DOI: 10.3390/ma11091493 DOI Help

Authors: Tan Sui (University of Surrey) , Jiří Dluhoš (TESCAN Brno) , Tao Li (National University of Singapore) , Kaiyang Zeng (National University of Singapore) , Adrian Cernescu (Neaspec GmbH) , Gabriel Landini (University of Birmingham) , Alexander Korsunsky (University of Oxford)
Co-authored by industrial partner: No

Type: Journal Paper
Journal: Materials , VOL 11

State: Published (Approved)
Published: August 2018
Diamond Proposal Number(s): 11831 , 21312

Open Access Open Access

Abstract: Peritubular dentine (PTD) and intertubular dentine (ITD) were investigated by 3D correlative Focused Ion Beam (FIB)-Scanning Electron Microscopy (SEM)-Energy Dispersive Spectroscopy (EDS) tomography, tapping mode Atomic Force Microscopy (AFM) and scattering-type Scanning Near-Field Optical Microscopy (s-SNOM) mapping. The brighter appearance of PTD in 3D SEM-Backscattered-Electron (BSE) imaging mode and the corresponding higher grey value indicate a greater mineral concentration in PTD (~160) compared to ITD (~152).

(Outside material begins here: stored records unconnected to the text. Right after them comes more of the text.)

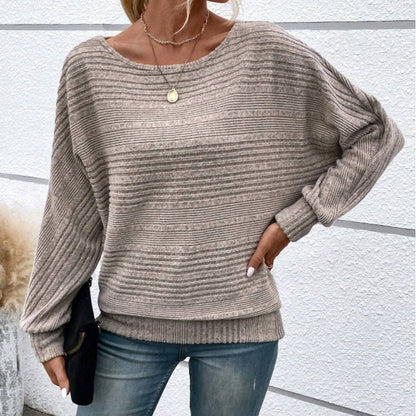 Cassalyn — Batwing-Sleeve Knit Pullover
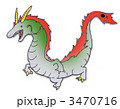辰年の龍イラスト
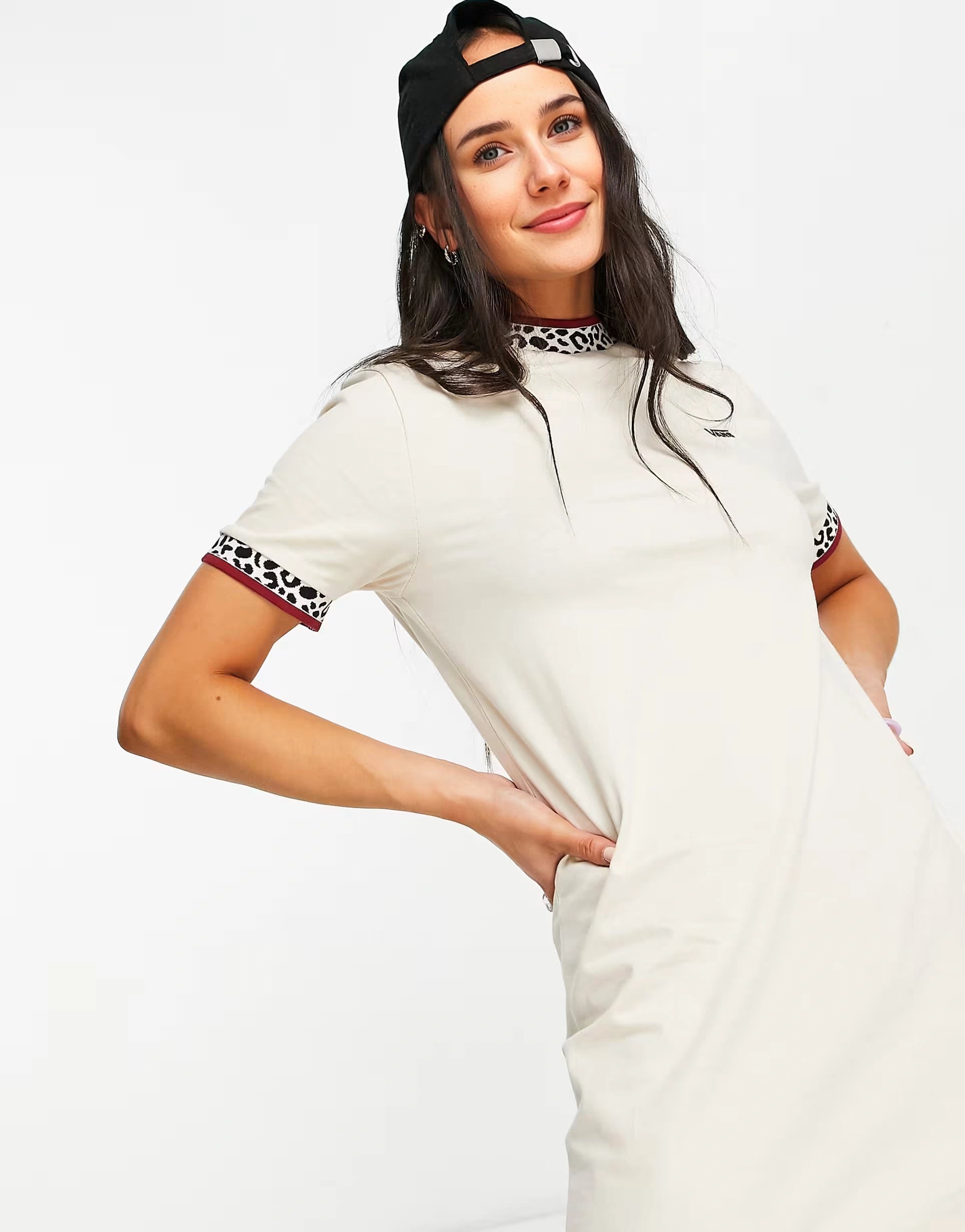 Vans Womens Wild Hi Roller Dress in Beige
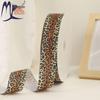 European & American Trend Leopard Print Letter Polyester Ribbed Edge Ribbon - Colorful Clothing & Home Textile Ribbon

However, the 3D FIB-SEM-EDS reconstruction and high resolution, quantitative 2D map of the Ca/P ratio (~1.8) fail to distinguish between PTD and ITD. This has been further confirmed using nanoscale 2D AFM map, which clearly visualised biopolymers and hydroxyapatite (HAp) crystallites with larger mean crystallite size in ITD (32 ± 8 nm) than that in PTD (22 ± 3 nm). Correlative microscopy reveals that the principal difference between PTD and ITD arises primarily from the nanoscale packing density of the crystallites bonded together by thin biopolymer, with moderate contribution from the chemical composition difference. The structural difference results in the mechanical properties variation that is described by the parabolic stiffness-volume fraction correlation function introduced here. The obtained results benefit a microstructure-based mechano-chemical model to simulate the chemical etching process that can occur in human dental caries and some of its treatments.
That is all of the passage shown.